The perfect summer salad 


  • 2 sweet peppers

  • 1 eggplant, sliced into long strips

  • 3 cups chopped zucchini

  • Olive oil

  • 3/4 cup canned  tomatoes 

  • 1 tbsp sherry vinegar

  • 3 cups tomatoes, ideally a mixture of cherry and heritage, smaller ones halved, larger ones sliced

  • 2 handfuls of mixed herbs, such as basil, chives or parsley, left whole, plus extra chives snipped into 2cm lengths

  • 1 handful of mizuna leaves



Recipe by Andy Harris

1. Heat a griddle pan until searingly hot. Grill the peppers on both sides until blackened, then transfer to a bowl and cover with clingfilm. On the same pan, grill the aubergine and half the courgettes and their flowers till slightly charred; transfer to a bowl, season, and drizzle with oil. 

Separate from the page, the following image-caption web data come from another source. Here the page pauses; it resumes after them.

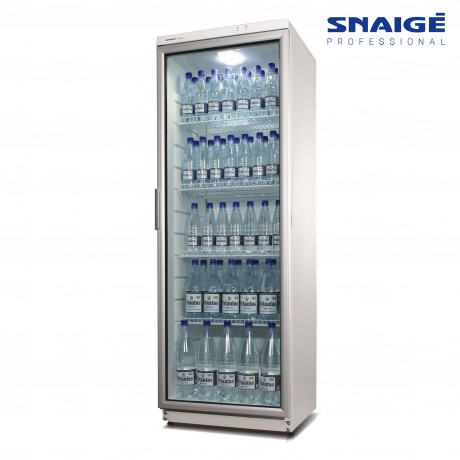 Холодильник CD35DM-S300SD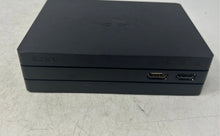 Load image into Gallery viewer, Sony CUH-ZVR2 Black PlayStation 4 HDMI Micro-USB VR Processor Unit Not Tested
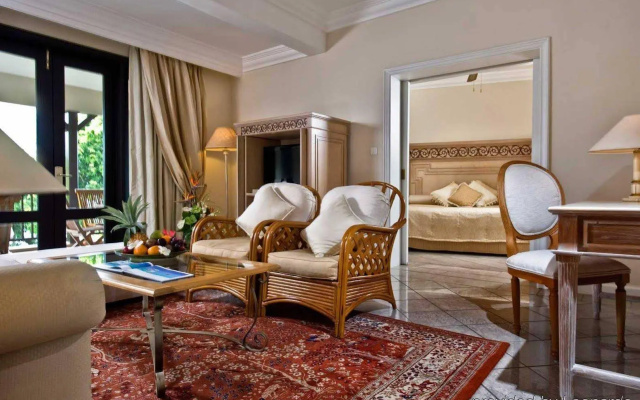 Maritim Resort & Spa Mauritius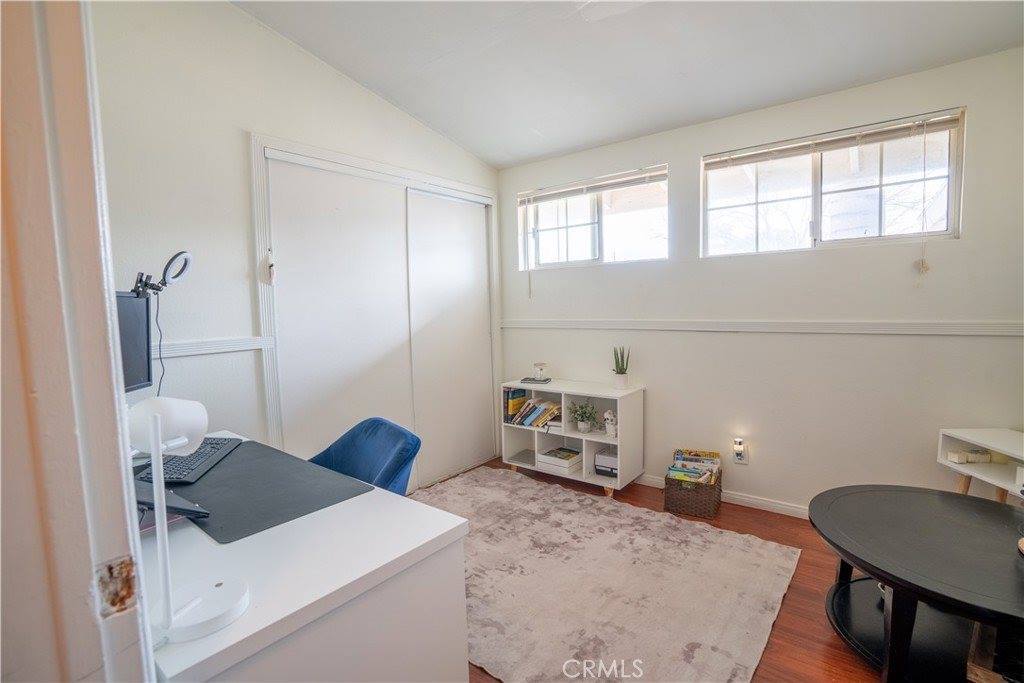 19009 Stillmore Street, Canyon Country, CA 91351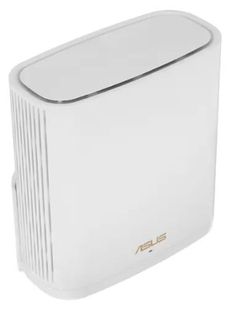 Маршрутизатор Asus XD6S W-1-PK (90IG06F0-MO3B60)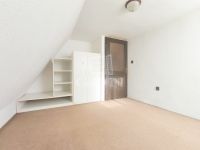 Zalaegerszeg Családi ház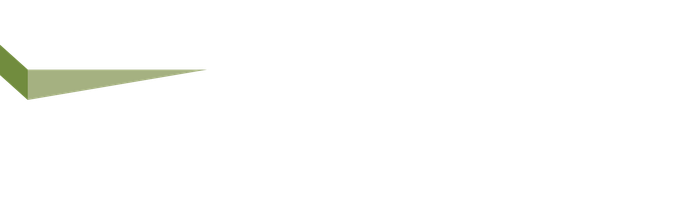 SIFMA Foundation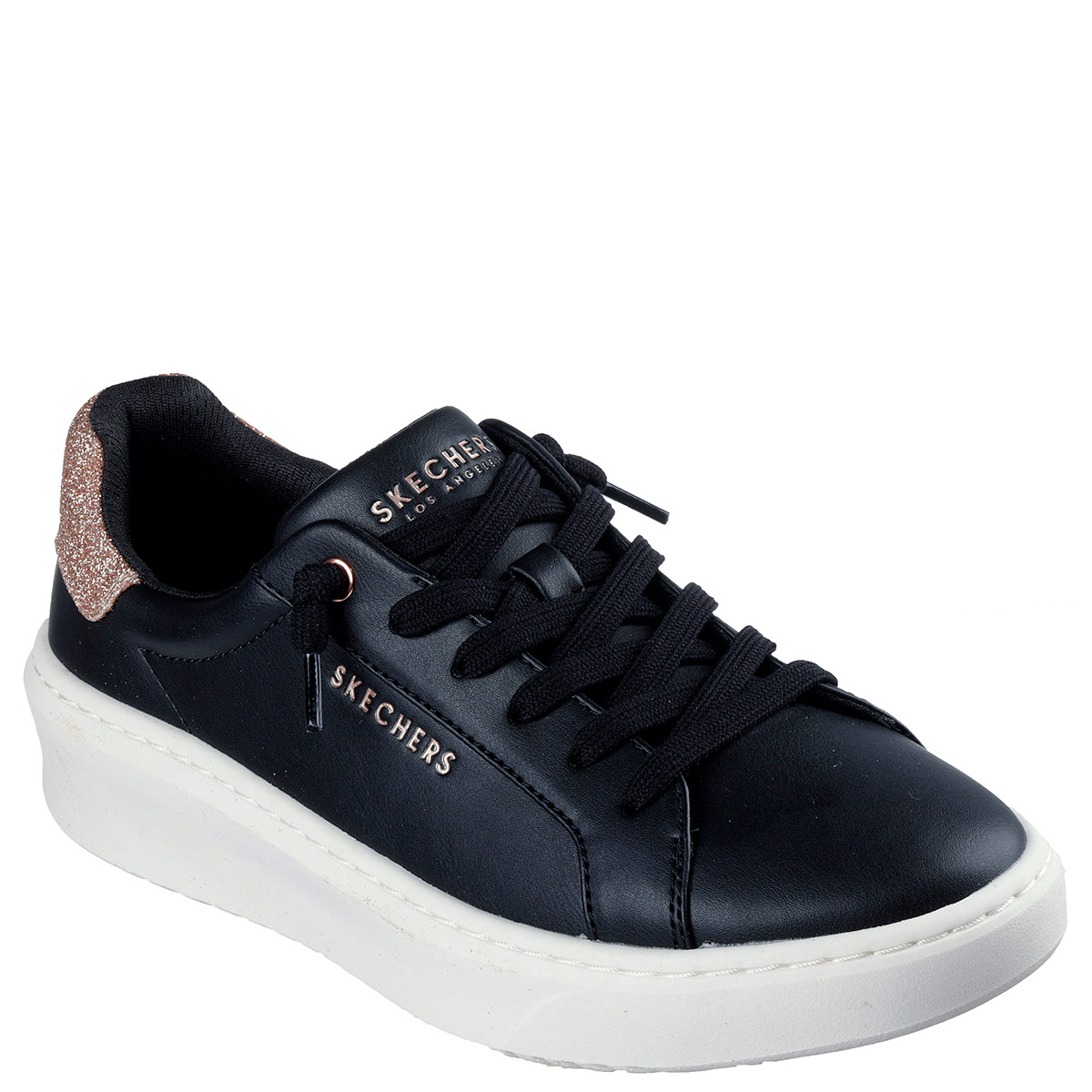ZAPATILLAS MUJER SKECHERS URBANA COURT BREAK - 2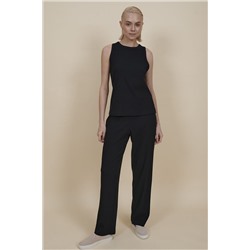 Брюки PELICAN #963164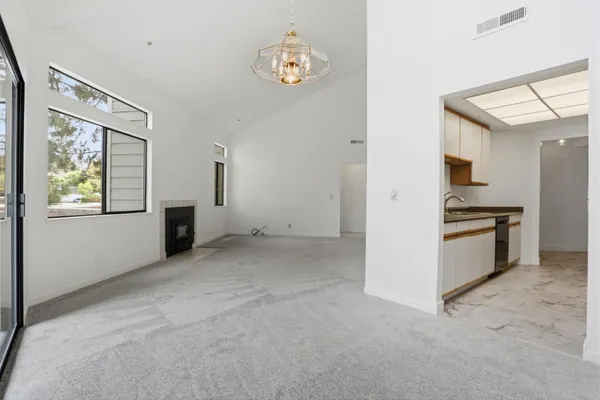 $770,000 | 2621 Willowbrook Lane, Unit 110, Aptos, CA 95003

2. Carefully take the seared peppers from the bowl and peel off the skin. Tear into strips and combine with the aubergines and courgettes. Scrunch the tinned tomatoes in your hands and add to the bowl. Pour in the sherry vinegar and drizzle over a little extra oil if desired. Mix well. 

3. In another bowl, combine the remaining uncooked courgettes with the fresh tomatoes, herbs and mizuna. Season and drizzle with olive oil. Serve the two salads together with grilled lamb or goat's cheese.